### WHAT THE TASK ASKS:
Word for word, retype every line of the data.

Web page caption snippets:
== Segment start ==
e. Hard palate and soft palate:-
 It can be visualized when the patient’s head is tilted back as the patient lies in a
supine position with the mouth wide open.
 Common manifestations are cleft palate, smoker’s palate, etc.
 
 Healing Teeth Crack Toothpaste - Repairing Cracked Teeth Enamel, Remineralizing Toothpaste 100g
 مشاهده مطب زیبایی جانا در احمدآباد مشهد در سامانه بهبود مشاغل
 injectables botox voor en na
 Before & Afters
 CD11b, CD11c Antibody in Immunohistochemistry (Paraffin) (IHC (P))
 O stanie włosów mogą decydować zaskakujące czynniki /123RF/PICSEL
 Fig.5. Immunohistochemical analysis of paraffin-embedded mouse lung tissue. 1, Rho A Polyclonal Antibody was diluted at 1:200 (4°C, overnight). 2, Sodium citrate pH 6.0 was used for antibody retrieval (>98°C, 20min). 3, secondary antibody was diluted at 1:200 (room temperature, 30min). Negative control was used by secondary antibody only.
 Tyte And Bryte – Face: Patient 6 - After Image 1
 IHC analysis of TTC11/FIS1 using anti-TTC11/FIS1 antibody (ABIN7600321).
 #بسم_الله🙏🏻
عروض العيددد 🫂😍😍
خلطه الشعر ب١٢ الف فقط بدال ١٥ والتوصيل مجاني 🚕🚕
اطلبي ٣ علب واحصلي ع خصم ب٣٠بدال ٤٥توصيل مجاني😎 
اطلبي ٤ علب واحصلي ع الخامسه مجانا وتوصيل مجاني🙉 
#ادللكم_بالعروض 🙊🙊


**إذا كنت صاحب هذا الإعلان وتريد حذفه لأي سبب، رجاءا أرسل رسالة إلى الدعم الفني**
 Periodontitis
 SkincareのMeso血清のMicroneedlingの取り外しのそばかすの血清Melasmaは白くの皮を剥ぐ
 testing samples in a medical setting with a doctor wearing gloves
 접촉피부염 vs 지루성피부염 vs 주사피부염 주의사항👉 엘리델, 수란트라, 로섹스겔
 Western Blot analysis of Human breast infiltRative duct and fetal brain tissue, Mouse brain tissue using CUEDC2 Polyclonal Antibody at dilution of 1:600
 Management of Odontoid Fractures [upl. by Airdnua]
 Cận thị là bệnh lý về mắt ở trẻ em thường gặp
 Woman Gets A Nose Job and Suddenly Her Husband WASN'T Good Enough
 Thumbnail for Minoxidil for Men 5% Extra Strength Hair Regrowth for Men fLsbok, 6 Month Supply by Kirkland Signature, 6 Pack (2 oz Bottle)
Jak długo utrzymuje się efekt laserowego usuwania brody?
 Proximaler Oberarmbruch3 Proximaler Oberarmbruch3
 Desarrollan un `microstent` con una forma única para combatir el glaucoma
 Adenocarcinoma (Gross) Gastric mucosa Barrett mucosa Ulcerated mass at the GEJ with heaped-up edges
== Segment end ==
### TASK ANSWER:
e. Hard palate and soft palate:-
 It can be visualized when the patient’s head is tilted back as the patient lies in a
supine position with the mouth wide open.
 Common manifestations are cleft palate, smoker’s palate, etc.
 
 Healing Teeth Crack Toothpaste - Repairing Cracked Teeth Enamel, Remineralizing Toothpaste 100g
 مشاهده مطب زیبایی جانا در احمدآباد مشهد در سامانه بهبود مشاغل
 injectables botox voor en na
 Before & Afters
 CD11b, CD11c Antibody in Immunohistochemistry (Paraffin) (IHC (P))
 O stanie włosów mogą decydować zaskakujące czynniki /123RF/PICSEL
 Fig.5. Immunohistochemical analysis of paraffin-embedded mouse lung tissue. 1, Rho A Polyclonal Antibody was diluted at 1:200 (4°C, overnight). 2, Sodium citrate pH 6.0 was used for antibody retrieval (>98°C, 20min). 3, secondary antibody was diluted at 1:200 (room temperature, 30min). Negative control was used by secondary antibody only.
 Tyte And Bryte – Face: Patient 6 - After Image 1
 IHC analysis of TTC11/FIS1 using anti-TTC11/FIS1 antibody (ABIN7600321).
 #بسم_الله🙏🏻
عروض العيددد 🫂😍😍
خلطه الشعر ب١٢ الف فقط بدال ١٥ والتوصيل مجاني 🚕🚕
اطلبي ٣ علب واحصلي ع خصم ب٣٠بدال ٤٥توصيل مجاني😎 
اطلبي ٤ علب واحصلي ع الخامسه مجانا وتوصيل مجاني🙉 
#ادللكم_بالعروض 🙊🙊


**إذا كنت صاحب هذا الإعلان وتريد حذفه لأي سبب، رجاءا أرسل رسالة إلى الدعم الفني**
 Periodontitis
 SkincareのMeso血清のMicroneedlingの取り外しのそばかすの血清Melasmaは白くの皮を剥ぐ
 testing samples in a medical setting with a doctor wearing gloves
 접촉피부염 vs 지루성피부염 vs 주사피부염 주의사항👉 엘리델, 수란트라, 로섹스겔
 Western Blot analysis of Human breast infiltRative duct and fetal brain tissue, Mouse brain tissue using CUEDC2 Polyclonal Antibody at dilution of 1:600
 Management of Odontoid Fractures [upl. by Airdnua]
 Cận thị là bệnh lý về mắt ở trẻ em thường gặp
 Woman Gets A Nose Job and Suddenly Her Husband WASN'T Good Enough
 Thumbnail for Minoxidil for Men 5% Extra Strength Hair Regrowth for Men fLsbok, 6 Month Supply by Kirkland Signature, 6 Pack (2 oz Bottle)
Jak długo utrzymuje się efekt laserowego usuwania brody?
 Proximaler Oberarmbruch3 Proximaler Oberarmbruch3
 Desarrollan un `microstent` con una forma única para combatir el glaucoma
 Adenocarcinoma (Gross) Gastric mucosa Barrett mucosa Ulcerated mass at the GEJ with heaped-up edges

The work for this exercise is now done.